I love leeks. I love it in pies, in sauces, and especially in this soup.
Irene and I call this soup Leekoto: kind of a mash-up between leek and potato (I know, our sanity is questionable).
You can blend this soup for a rich, thick soup. I like to keep mines chunky and texturised. It fels like more of a meal that way.
This soup is also freezable; just watch you don’t cut yout potato chunks too small, or they’ll disintegrate in the microwave (it’ll still taste nice, though!)
Here’s what I did:
Ingredients (Serves 4… easily halved/doubled/quadrupled if you must!)
2 leeks, sliced to your preferred chunkiness (I like mines quite thin)
1 onion, diced
3 large potatoes
4 chicken stock cubes
1.7 litres water
150ml cream/milk (optional)
First, I sauteed the onions and leeks on a low, making sure they didn’t brown, whilst I peeled my potatoes.
I chopped my potatoes into large chunks, around 2″ squared, then popped them into the pot:
I dissolved my stock cubes into 1.7litres boiled water, then poured into the pot and brought to the boil. I then simmered until the potatoes were ready (around 20 mins).
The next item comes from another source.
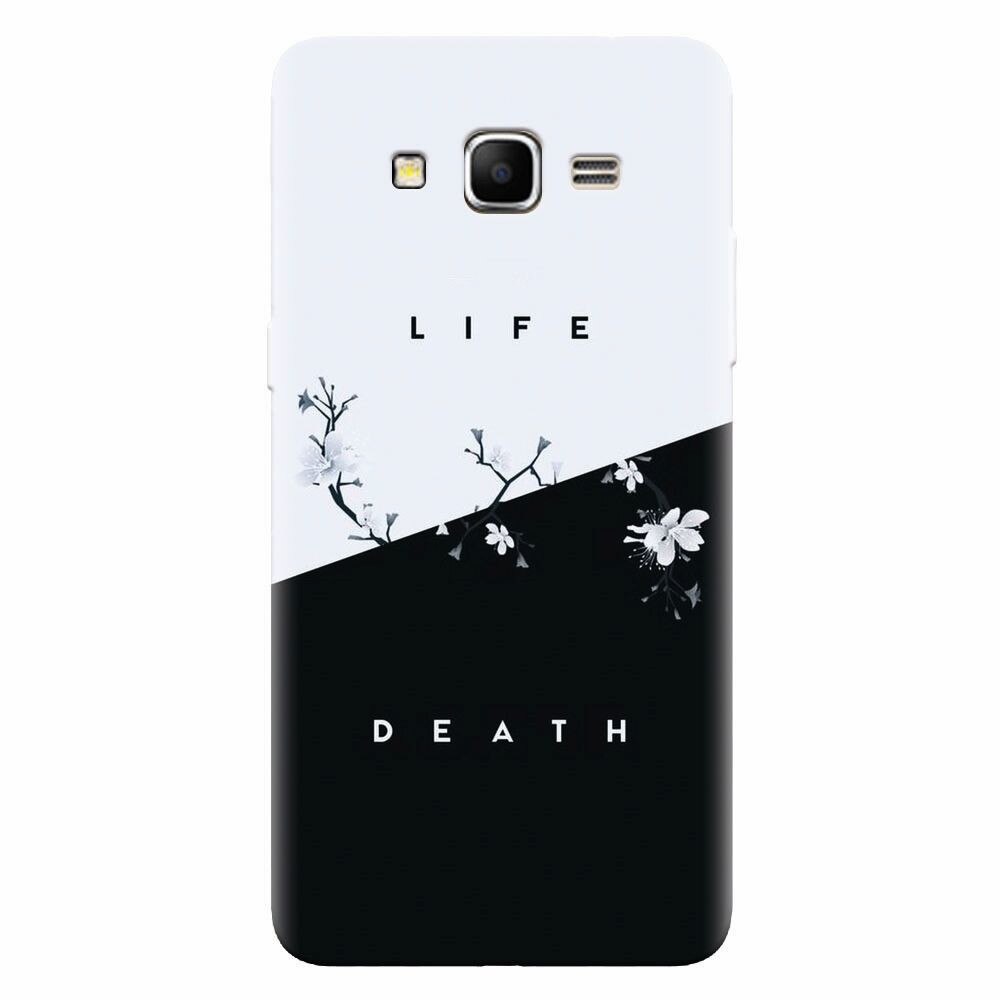 Husa silicon pentru Samsung Grand Prime, Life Vs Death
I don’t always do this, but on this occasion, I took the pot off the heat and added 150ml single cream. You can use 150ml milk if you like, or even none at all. I just think it gives it a nice richness.
And here it is, ready to devour.
I made this after work one night last week, when I was craving the comfort of a hot bowl of fresh, homemade soup, but didn’t want to spend ages grating and stirring and waiting.
This is a perfect, simple, comforting soup. It’s a lot healthier than it tastes, as well!
Give it a try and let me know what you think!